Kritiker nennen den »surrealistischen Dokumentarfilm« (Zappa) »chaotisch« ("Billboard"); auf den Rezensenten der »New York Times« wirkt das Lichtspiel »wie eine Überdosis Novocain«. »Time« nannte es »unverschämt und eklektisch«. Und sogar Zappas Mit-Regisseur Tony Palmer (vor der Endmontage gefeuert) beklagt »200 Motels« als »schlechtesten Film der westlichen Kinogeschichte«.

Sie verdammen das Werk und meinen womöglich den Autor -- jenen 30 Jahre alten Amerikaner griechisch-arabisch-sizilianischer Herkunft, dessen Bild durch einen Poster-Bestseller (Motiv: Zappa auf dem Lokus) weltweit bekannt geworden ist.

Popmusik-Insider dagegen schätzen den Selfmade-Komponisten (Vorbilder: Varèse, Strawinski, Webern), Platten-Produzenten (bisher 13 Langspielplatten) und Gitarristen als Begründer der bislang einzigen Beat-Band, die es fertiggebracht hat, sogenannte E-Musik mit Jazz- und Rock-Formen glaubhaft zu verschmelzen. Seine anfangs politisch-aktivistischen, später immer artifizielleren Bühnenshows haben mit ihrer Mischung aus elektronischem Beat, Musiktheater und obszönem Kabarett den Drogenfeind Zappa zum »ersten Meister der Mixed Media« gemacht ("The New York Times").

Nur durch einen Wechsel in ein neues Medium waren die Auftritte der radikalen, zugleich unterhaltsamen US-Rocktruppe noch zu steigern -- nur durch den Film.
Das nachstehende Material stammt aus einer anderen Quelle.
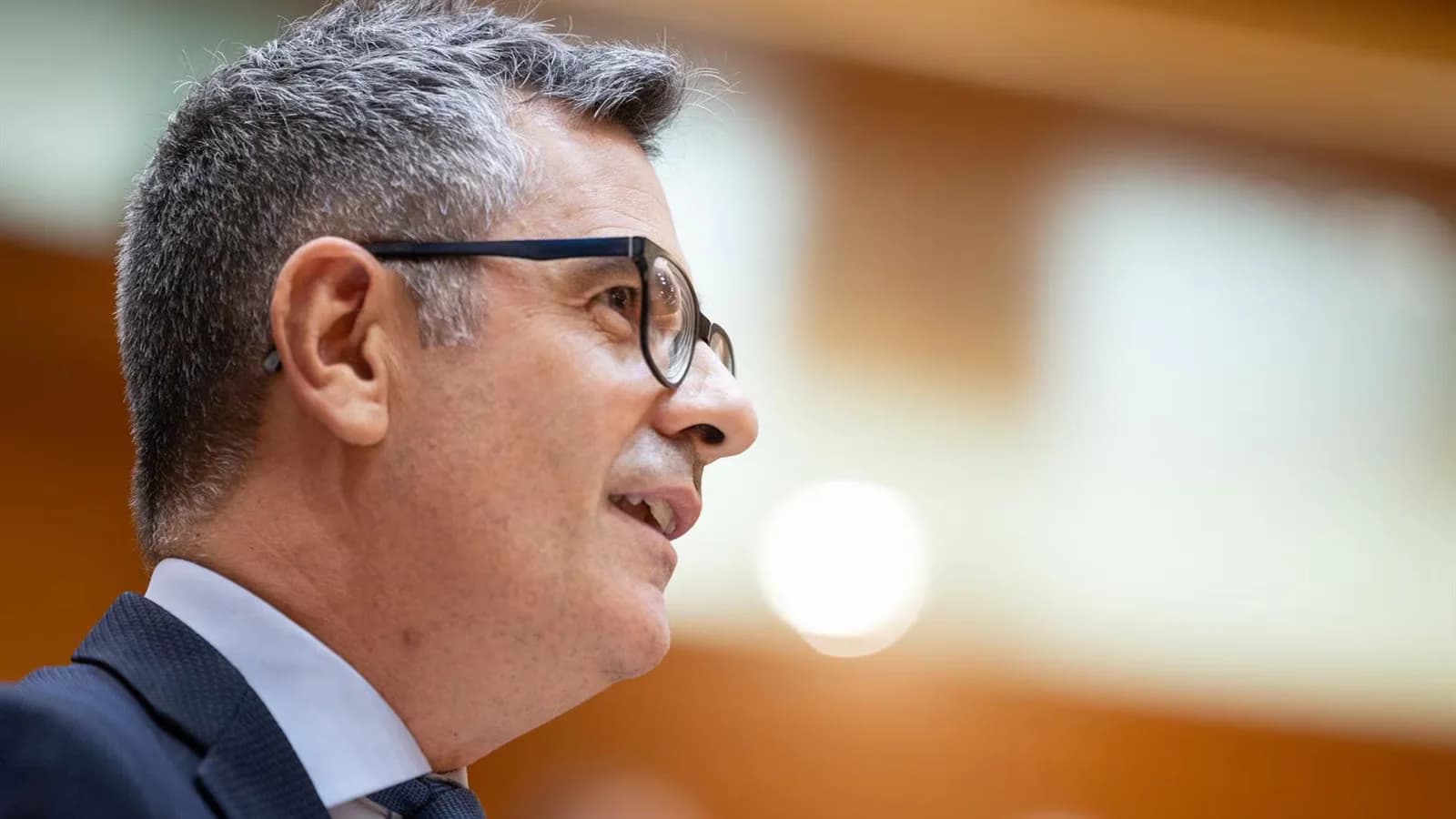 Bolaños advierte que el censo quedará alterado si sigue la cautelar sobre la Ley de Nietos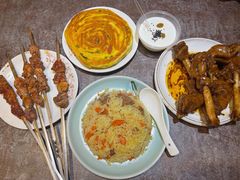 -贯贯吉·清真餐厅(浙江中路店)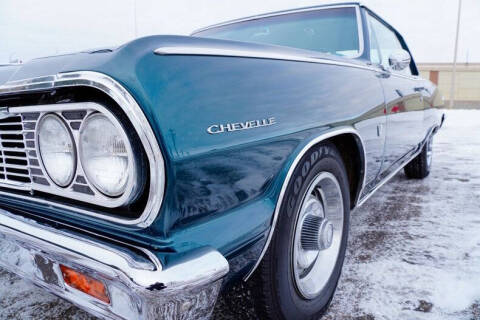 1964 Chevrolet Malibu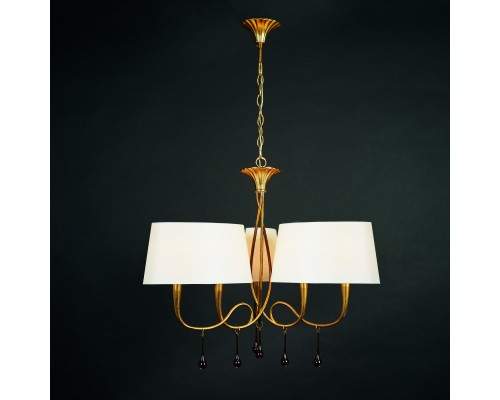 3540 Люстра подвесная PAOLA MANTRA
Schon 1958, sechs Jahre vor Gründung der »Mothers«, hatte Zappa mit der Schmalfilmkamera experimentiert. Zwei Spielfilm-Versuche -- »Captain Beefheart« (1963) und »Uncle Meat« (1969) -- scheiterten jedoch schon während der Aufnahmen an Geldmangel; die Musik kam auf Langspielplatten in den Handel.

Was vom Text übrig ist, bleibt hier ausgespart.